On Thu, 16 Feb 2012 13:01:36 +0100
Daniel Vetter <[email protected]> wrote:

> drm/i915 wants to read/write more than one page in its fastpath
> and hence needs to prefault more than PAGE_SIZE bytes.
>
> I've checked the callsites and they all already clamp size when
> calling fault_in_pages_* to the same as for the subsequent
> __copy_to|from_user and hence don't rely on the implicit clamping
> to PAGE_SIZE.
>
> Also kill a copy&pasted spurious space in both functions while at it.
>
> ...
>
> --- a/include/linux/pagemap.h
> +++ b/include/linux/pagemap.h
> @@ -408,6 +408,7 @@ extern void add_page_wait_queue(struct page *page, wait_queue_t *waiter);
> static inline int fault_in_pages_writeable(char __user *uaddr, int size)
> {
> int ret;
> + char __user *end = uaddr + size - 1;
>
> if (unlikely(size == 0))
> return 0;
> @@ -416,17 +417,20 @@ static inline int fault_in_pages_writeable(char __user *uaddr, int size)
> * Writing zeroes into userspace here is OK, because we know that if
> * the zero gets there, we'll be overwriting it.
> */
> - ret = __put_user(0, uaddr);
> + while (uaddr <= end) {
> + ret = __put_user(0, uaddr);
> + if (ret != 0)
> + return ret;
> + uaddr += PAGE_SIZE;
> + }

The callsites in filemap.c are pretty hot paths, which is why this
thing remains explicitly inlined. I think it would be worth adding a
bit of code here to avoid adding a pointless test-n-branch and larger
cache footprint to read() and write().

A way of doing that is to add another argument to these functions, say
"bool multipage". Change the code to do

if (multipage) {
while (uaddr <= end) {
...
}
}

and change the callsites to pass in constant "true" or "false". Then
compile it up and manually check that the compiler completely removed
the offending code from the filemap.c callsites.

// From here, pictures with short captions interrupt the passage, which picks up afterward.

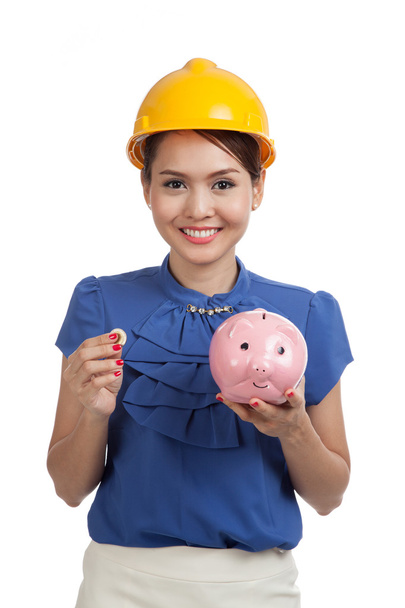 Asian engineer woman with a coin and piggy coin bank - Fotoğraf, Görsel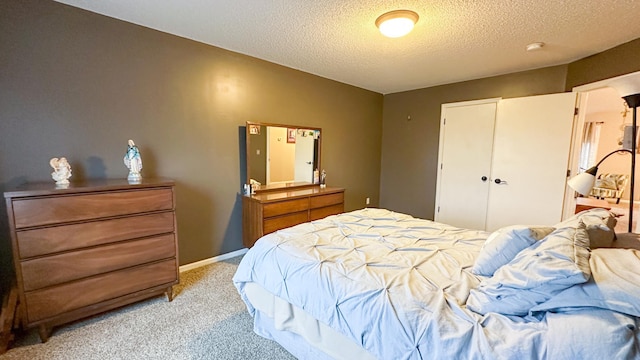 carpeted bedroom with a textured ceiling and a closet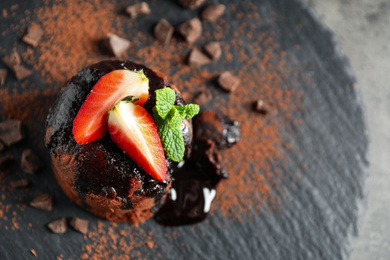 Photo of Delicious warm chocolate lava cake on slate board, above view. Space for text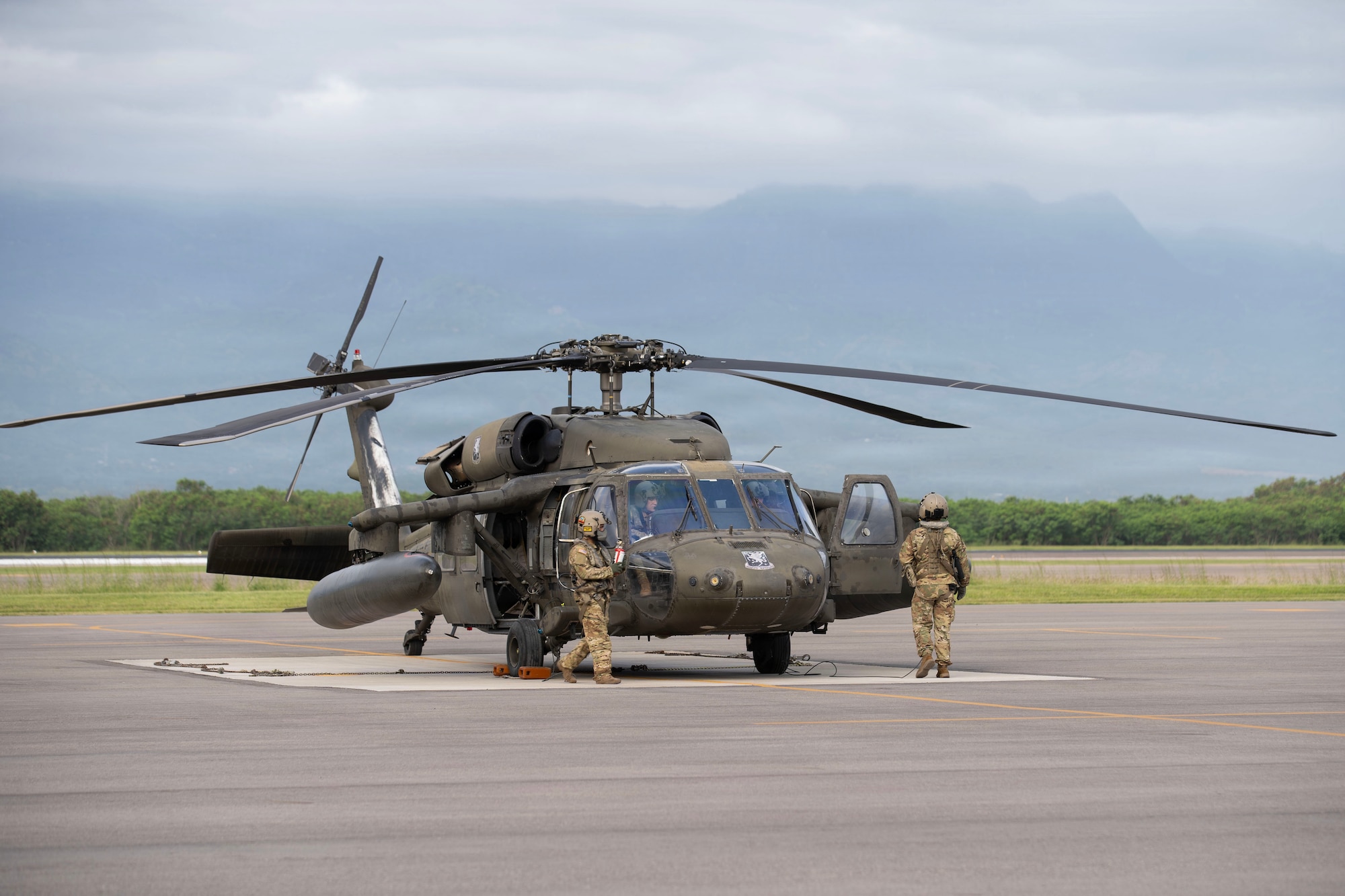 Military servicemembers stand in front of a helicopter
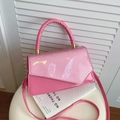 Pink snake pattern crossbody handbag with glossy finish and stylish metal buckle design - Pink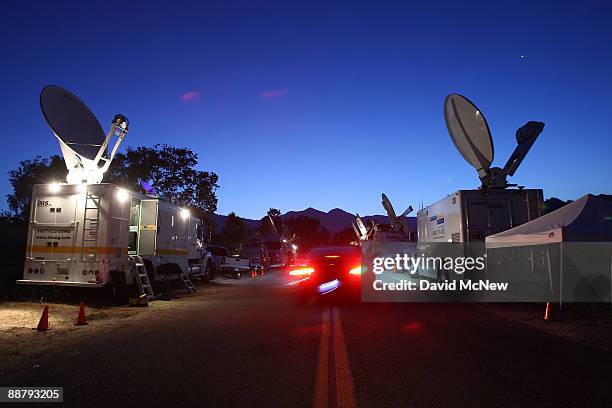 Television news crews begin a morning of coverage outside the gates of Neverland Ranch as fans worldwide continue to mourn the loss of singer Michael...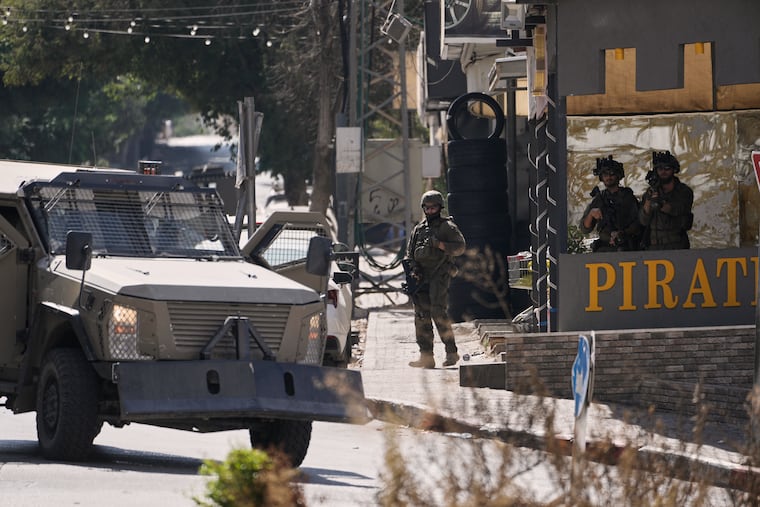Israeli soldiers stand in guard on a street outside the Nablus Speciality Hospital in the West Bank city of Nablus, Friday, July 24, 2026, after Israeli military killed, according to health authorities, at least four Palestinians in the village of Tell in the northern West Bank.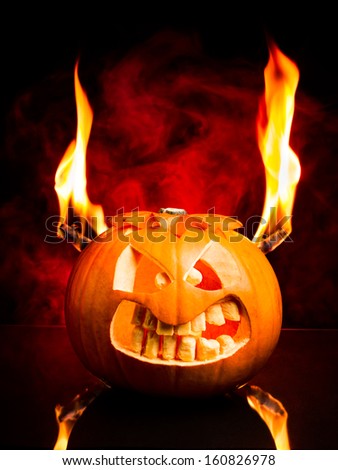 Evil face of Halloween pumpkin with flames and red smoke in the background.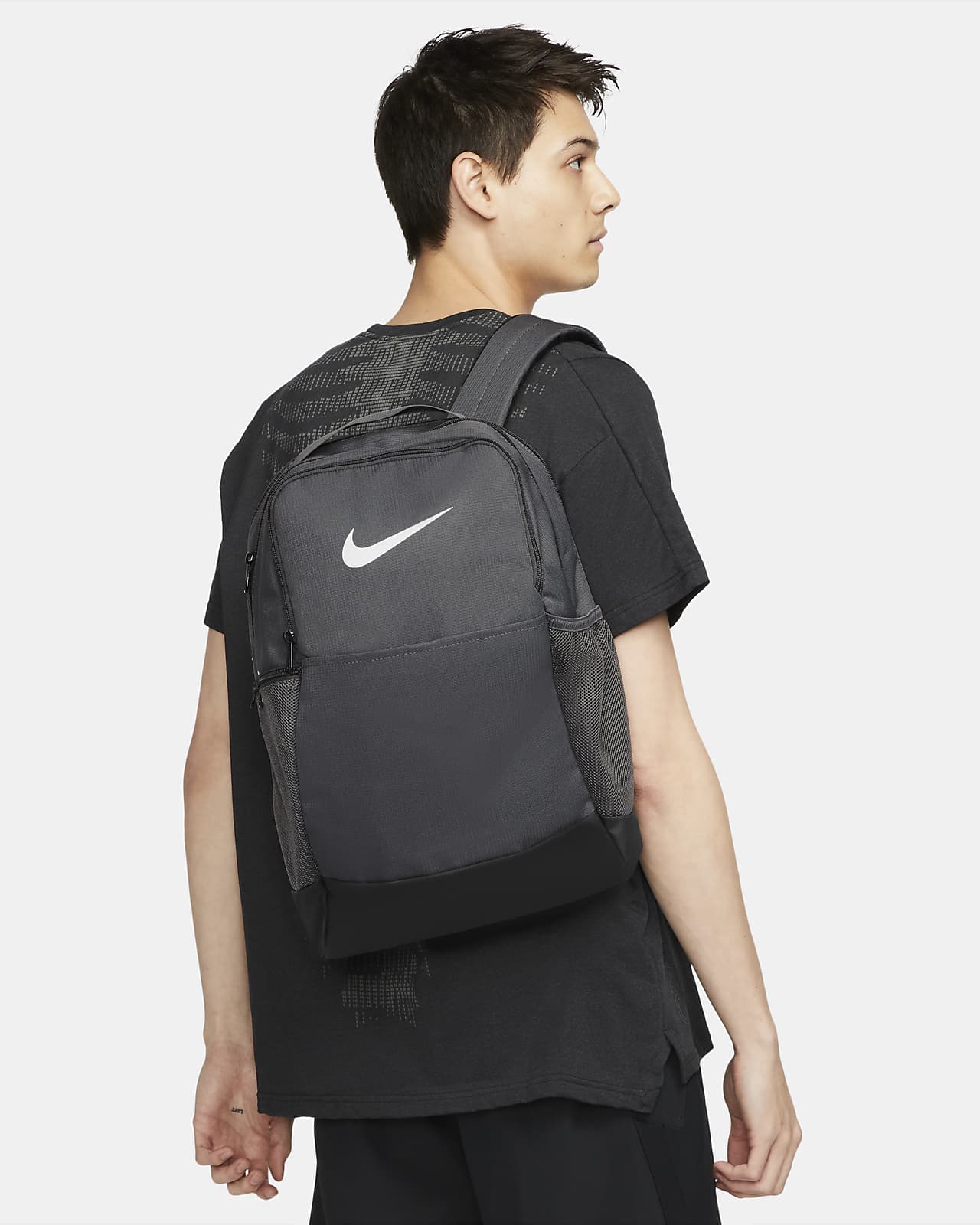 Nike Brasilia 9.5 Medium Backpack Navy Grab your gear and get going with  the Nike Brasilia Backpack. It has plenty of pockets to help you stay  organized including a sleeve to fit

Wanna have a think about that? If it all looks OK then please be sure
to add code comments explaining why we did this.

> if (ret == 0) {
> - char __user *end = uaddr + size - 1;
> -
> /*
> * If the page was already mapped, this will get a cache miss
> * for sure, so try to avoid doing it.
> */
> - if (((unsigned long)uaddr & PAGE_MASK) !=
> + if (((unsigned long)uaddr & PAGE_MASK) ==
> ((unsigned long)end & PAGE_MASK))

Maybe I'm having a dim day, but I don't immediately see why != got
turned into ==.


Once we have this settled I'd suggest that the patch be carried in
whatever-git-tree-needs-it.

2012-02-24 13:34:19

by Daniel Vetter

[permalink] [raw]
Subject: Re: [PATCH] mm: extend prefault helpers to fault in more than PAGE_SIZE

On Thu, Feb 23, 2012 at 02:36:58PM -0800, Andrew Morton wrote:
> On Thu, 16 Feb 2012 13:01:36 +0100
> Daniel Vetter <[email protected]> wrote:
>
> > drm/i915 wants to read/write more than one page in its fastpath
> > and hence needs to prefault more than PAGE_SIZE bytes.
> >
> > I've checked the callsites and they all already clamp size when
> > calling fault_in_pages_* to the same as for the subsequent
> > __copy_to|from_user and hence don't rely on the implicit clamping
> > to PAGE_SIZE.
> >
> > Also kill a copy&pasted spurious space in both functions while at it.
> >
> > ...
> >
> > --- a/include/linux/pagemap.h
> > +++ b/include/linux/pagemap.h
> > @@ -408,6 +408,7 @@ extern void add_page_wait_queue(struct page *page, wait_queue_t *waiter);
> > static inline int fault_in_pages_writeable(char __user *uaddr, int size)
> > {
> > int ret;
> > + char __user *end = uaddr + size - 1;
> >
> > if (unlikely(size == 0))
> > return 0;
> > @@ -416,17 +417,20 @@ static inline int fault_in_pages_writeable(char __user *uaddr, int size)
> > * Writing zeroes into userspace here is OK, because we know that if
> > * the zero gets there, we'll be overwriting it.
> > */
> > - ret = __put_user(0, uaddr);
> > + while (uaddr <= end) {
> > + ret = __put_user(0, uaddr);
> > + if (ret != 0)
> > + return ret;
> > + uaddr += PAGE_SIZE;
> > + }
>
> The callsites in filemap.c are pretty hot paths, which is why this
> thing remains explicitly inlined. I think it would be worth adding a
> bit of code here to avoid adding a pointless test-n-branch and larger
> cache footprint to read() and write().
>
> A way of doing that is to add another argument to these functions, say
> "bool multipage". Change the code to do
>
> if (multipage) {
> while (uaddr <= end) {
> ...
> }
> }
>
> and change the callsites to pass in constant "true" or "false". Then
> compile it up and manually check that the compiler completely removed
> the offending code from the filemap.c callsites.
>
> Wanna have a think about that? If it all looks OK then please be sure
> to add code comments explaining why we did this.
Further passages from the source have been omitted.